India ’12 was recently selected as the 2011 Guerin Prize winner and will meet Salman Khan, the American she most admires, this spring. Khan is the founder of a not-for-profit online educational platform called Khan Academy.
To get a sense of the widespread impact of Khan’s free educational videos, picture your favorite math teacher at Marlborough. He or she might teach around three different classes this year, each with around 15 students.
Salman Khan’s lessons, however, have been seen over 45 million times. Khan Academy now offers more than 2,100 video tutorials on subjects ranging from L’Hôpital’s Rule in Calculus to the French Revolution.
Khan, a New Orleans native whose parents immigrated to America from India and Bangladesh, graduated from MIT and Harvard Business School, scored an 800 on the math section of the SAT, and was valedictorian of his high school class. After uploading algebra video tutorials on his YouTube channel to help his cousins, the popularity of his lessons began to grow. In 2009, Khan quit his job as a hedge fund manager to focus full-time on Khan Academy.
Khan has stated that the goal that his motives for this drastic decision are simple:
“With so little effort on my own part, I can empower an unlimited amount of people for all time. I can’t imagine a better use of my time.”
As India ’12 and millions of other Academy viewers have seen, Khan has certainly achieved this goal.
Marlborough is beginning to use Khan’s videos as a useful supplement to traditional in-class math lessons. Math instructor John Frank recently assigned his Calculus classes to watch Khan’s videos for homework, and math instructor Chris Talone is considering incorporating Khan’s videos into his AP Statistics class next year.
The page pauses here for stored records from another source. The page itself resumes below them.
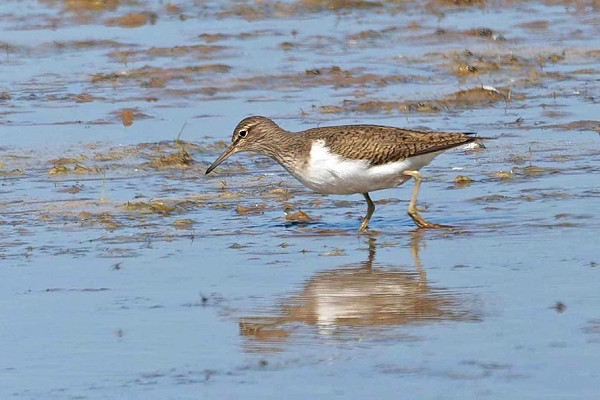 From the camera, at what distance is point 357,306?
832cm

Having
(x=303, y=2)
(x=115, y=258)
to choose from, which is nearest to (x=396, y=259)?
(x=115, y=258)

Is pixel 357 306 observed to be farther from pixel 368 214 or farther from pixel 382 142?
pixel 382 142

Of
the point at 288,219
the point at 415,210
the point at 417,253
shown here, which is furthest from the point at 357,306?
the point at 288,219

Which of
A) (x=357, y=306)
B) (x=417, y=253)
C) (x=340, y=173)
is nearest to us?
(x=357, y=306)

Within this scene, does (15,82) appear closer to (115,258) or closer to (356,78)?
(356,78)

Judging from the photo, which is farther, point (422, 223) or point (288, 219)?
point (288, 219)

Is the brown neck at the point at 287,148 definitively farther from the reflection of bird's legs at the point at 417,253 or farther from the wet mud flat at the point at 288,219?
the reflection of bird's legs at the point at 417,253

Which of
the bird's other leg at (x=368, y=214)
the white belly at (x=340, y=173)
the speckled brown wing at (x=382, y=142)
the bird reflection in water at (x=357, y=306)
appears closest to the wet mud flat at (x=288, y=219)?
the bird reflection in water at (x=357, y=306)

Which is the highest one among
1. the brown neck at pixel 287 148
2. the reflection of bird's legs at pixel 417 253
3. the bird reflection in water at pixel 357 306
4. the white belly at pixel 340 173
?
the brown neck at pixel 287 148

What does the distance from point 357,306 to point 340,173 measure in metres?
2.24

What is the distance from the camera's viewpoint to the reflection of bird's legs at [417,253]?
889cm

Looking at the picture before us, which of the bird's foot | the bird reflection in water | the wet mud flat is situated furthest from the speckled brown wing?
the bird reflection in water

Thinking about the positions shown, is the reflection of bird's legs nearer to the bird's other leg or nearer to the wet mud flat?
the wet mud flat

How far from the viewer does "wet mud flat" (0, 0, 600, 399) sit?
23.7 ft
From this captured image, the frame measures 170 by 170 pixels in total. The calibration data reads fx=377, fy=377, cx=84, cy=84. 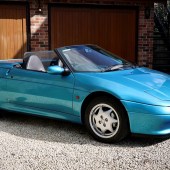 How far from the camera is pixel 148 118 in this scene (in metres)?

As someone currently taking Calculus at Marlborough, I can safely say that Khan’s videos have helped me better understand math. Lessons in class are, of course, how I learn these skills at first, but online tutorials are a valuable resource to have when I’m at home and need a little extra review on how to find the volume of a function rotated about the y-axis. After all, thanks to the accessibility of online resources, it has become infinitely easier to truly understand and appreciate the value of subject material.